Leon Romanovsky <leon@xxxxxxxxxx> · Sun, 25 Apr 2021 16:44:55 +0300

On Sun, Apr 25, 2021 at 10:08:57AM -0300, Jason Gunthorpe wrote:
> On Sun, Apr 25, 2021 at 04:03:47PM +0300, Leon Romanovsky wrote:
> > On Thu, Apr 22, 2021 at 11:29:39AM -0300, Jason Gunthorpe wrote:
> > > On Wed, Apr 21, 2021 at 08:03:22AM +0300, Leon Romanovsky wrote:
> > > 
> > > > I didn't understand when reviewed either, but decided to post it anyway
> > > > to get possible explanation for this RDMA_RESTRACK_MR || RDMA_RESTRACK_QP
> > > > check.
> > > 
> > > I think the whole thing should look more like this and we delete the
> > > if entirely.
> > 
> > I have mixed feelings about this approach. Before "destroy can fail disaster",
> > the restrack goal was to provide the following flow:
> > 1. create new memory object - rdma_restrack_new()
> > 2. create new HW object - .create_XXX() callback in the driver
> > 3. add HW object to the DB - rdma_restrack_del()
> > ....
> > 4. wait for any work on this HW object to complete - rdma_restrack_del()
> > 5. safely destroy HW object - .destroy_XXX()
> > 
> > I really would like to stay with this flow and block any access to the
> > object that failed to destruct - maybe add to some zombie list.
> 
> That isn't the semantic we now have for destroy.

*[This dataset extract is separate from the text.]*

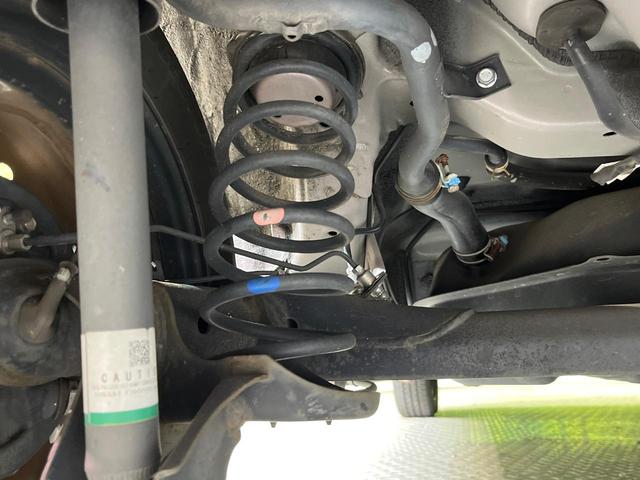 ミラココア ココアＬ　ＳＤナビ　バックカメラ　禁煙車　ＨＩＤヘッド　アイドリングストップ　アームレスト　電動格納ミラー（21枚目）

I would say that it is my mistake introduced when changed destroy to
return an error.

>  
> > The proposed prepare/abort/finish flow is much harder to implement correctly.
> > Let's take as an example ib_destroy_qp_user(), we called to rdma_rw_cleanup_mrs(),
> > but didn't restore them after .destroy_qp() failure.
> 
> I think it is a bug we call rdma_rw code in a a user path.

It was an example of a flow that wasn't restored properly. 
The same goes for ib_dealloc_pd_user(), release of __internal_mr.

Of course, these flows shouldn't fail because of being kernel flows, but it is not clear
from the code.

Thanks

> 
> Jason